The more time I spend listening to storage engineers talk about the pressing issues they face in designing systems in this day and age, the more I’m convinced that we fight the same problems over and over again with different technologies. Whether it be networking, storage, or even wireless, the same architecture problems crop in new ways and require different engineers to solve them all over again.

Quality is Problem One

A chance conversation with Howard Marks (@DeepStorageNet) at Storage Field Day 4 led me to start thinking about these problems. He was talking during a presentation about the difficulty that storage vendors have faced in implementing quality of service (QoS) in storage arrays. As Howard described some of the issues with isolating neighboring workloads and ensuring they can’t cause performance issues for a specific application, I started thinking about the implementation of low latency queuing (LLQ) for voice in networking.

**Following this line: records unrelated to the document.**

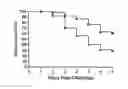 Fig. 01 - METHODS FOR TREATING, PREVENTING AND DIAGNOSING PORCINE EPIDEMIC DIARRHEA VIRUS INFECTION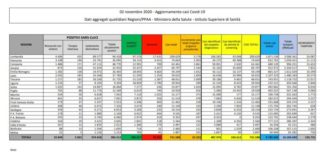 Coronavirus, 22.253 nuovi casi e 233 morti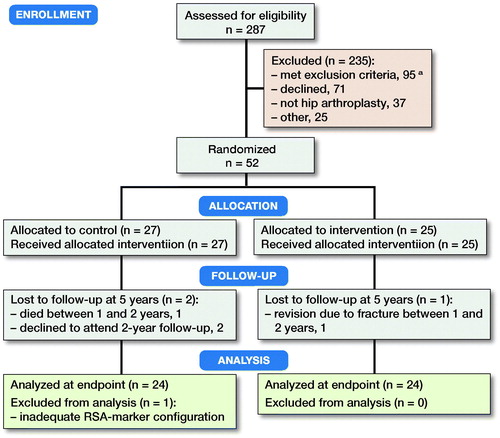 Figure 1. Consort flow chart. a In 2012 patients taking medication with vitamin K antagonists were removed from the list of contraindications, because its relevance disappeared with increased use of NOAK. Until then 16 patients were excluded due to use of vitamin K antagonists.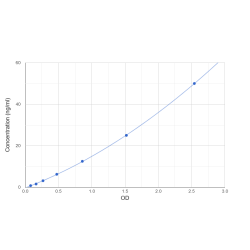 Graph showing standard OD data for Pig Aggrecan Core Protein (ACAN)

LLQ was created to solve a specific problem. High volume, low bandwidth flows can starve traditional priority queuing systems. In much the same way, applications that demand high amounts of input/output operations per second (IOPS) while storing very little data can cause huge headaches for storage admins. Storage has tried to solve this problem with hardware in the past by creating things like write-back caching or even super fast flash storage caching tiers.

Make It Go Away

In fact, a lot of the problems in storage mirror those from networking world many years ago. Performance issues used to have a very simple solution – throw more hardware at the problem until it goes away. In networking, you throw bandwidth at the issue. In storage, more IOPS are the answer. When hardware isn’t pushed to the absolute limit, the answer will always be to keep driving it higher and higher. But what happens when performance can’t fix the problem any more?

Think of a sports car like the Bugatti Veyron. It is the fastest production car available today, with a top speed well over 250 miles per hour. In fact, Bugatti refuses to talk about the absolute top speed, instead countering “Would you ask how fast a jet can fly?” One of the limiting factors in attaining a true measure of the speed isn’t found in the car’s engine. Instead, the sub systems around the engine being to fail at such stressful speeds. At 258 miles per hour, the tires on the car will completely disintegrate in 15 minutes. The fuel tank will be emptied in 12 minutes. Bugatti wisely installed a governor on the engine limiting it to a maximum of 253 miles per hour in an attempt to prevent people from pushing the car to its limits. A software control designed to prevent performance issues by creating artificial limits. Sound familiar?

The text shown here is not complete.